Signed-off-by: Superjomn <328693+Superjomn@users.noreply.github.com> Signed-off-by: Yan Chunwei <328693+Superjomn@users.noreply.github.com>
2026-01-14 06:27:45 +08:00 · 2025-09-08 09:14:10 +08:00 · 2025-09-08 09:14:10 +08:00 · 205c3a144c
commit 205c3a144c
parent 7c76dde76d
2 changed files with 6 additions and 7 deletions
--- a/tensorrt_llm/_torch/pyexecutor/config.py
+++ b/tensorrt_llm/_torch/pyexecutor/config.py
@ -5,7 +5,6 @@ from tensorrt_llm._torch.models.checkpoints.base_checkpoint_loader import \
    BaseCheckpointLoader
 from tensorrt_llm.bindings.executor import ExecutorConfig

-from ...builder import BuildConfig
 from ...llmapi.llm_args import LoadFormat, SamplerType
 from ...logger import logger
 from ...mapping import Mapping
@ -119,7 +118,6 @@ EXETENDED_EXECUTOR_CONFIG_FIELDS = [
    'backend',
    'pytorch_backend_config',
    'max_seq_len',
-    'tokens_per_block',
    'mapping',
    'hf_model_dir',
    'mm_encoder_only',
@ -131,7 +129,6 @@ def update_executor_config(
        backend: Optional[str] = None,
        pytorch_backend_config: Optional[PyTorchConfig] = None,
        mapping: Optional[Mapping] = None,
-        build_config: Optional[BuildConfig] = None,
        speculative_config: Optional["DecodingBaseConfig"] = None,
        hf_model_dir: Optional[str] = None,
        max_input_len: Optional[int] = None,
@ -156,10 +153,6 @@ def update_executor_config(

    logger.info(f"{executor_config.pytorch_backend_config}")

-    build_config = build_config or BuildConfig()
-    # TODO: move to pure-Python KvCacheConfig, and remove dependency on build_config.
-    executor_config.tokens_per_block = executor_config.tokens_per_block or build_config.plugin_config.tokens_per_block
-
    executor_config.hf_model_dir = hf_model_dir

    if max_input_len is not None:
--- a/tensorrt_llm/llmapi/llm_args.py
+++ b/tensorrt_llm/llmapi/llm_args.py
@ -1041,6 +1041,9 @@ class KvCacheConfig(StrictBaseModel, PybindMirror):
            "The data type to use for the Mamba SSM cache.

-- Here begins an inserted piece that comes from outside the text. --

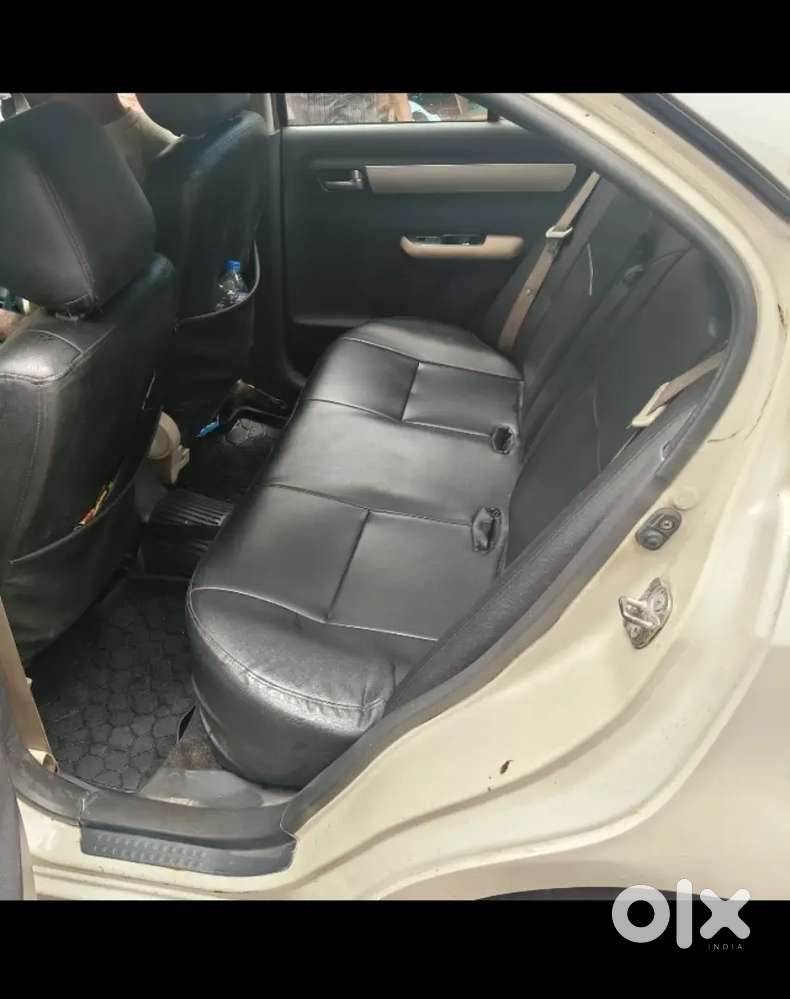 Maruti Suzuki Dzire 1.2 2012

If set to 'auto', the data type will be inferred from the model config."
        )

+    tokens_per_block: int = Field(default=32,
+                                  description="The number of tokens per block.")
+
    def _to_pybind(self):
        return _KvCacheConfig(
            enable_block_reuse=self.enable_block_reuse,
@ -1946,6 +1949,9 @@ class BaseLlmArgs(StrictBaseModel):
            from tensorrt_llm._torch.speculative import suggest_spec_config
            spec_config = suggest_spec_config(max_batch_size)

+        if self.kv_cache_config is not None:
+            executor_config.tokens_per_block = self.kv_cache_config.tokens_per_block
+
        update_executor_config(
            executor_config,
            backend=self.backend,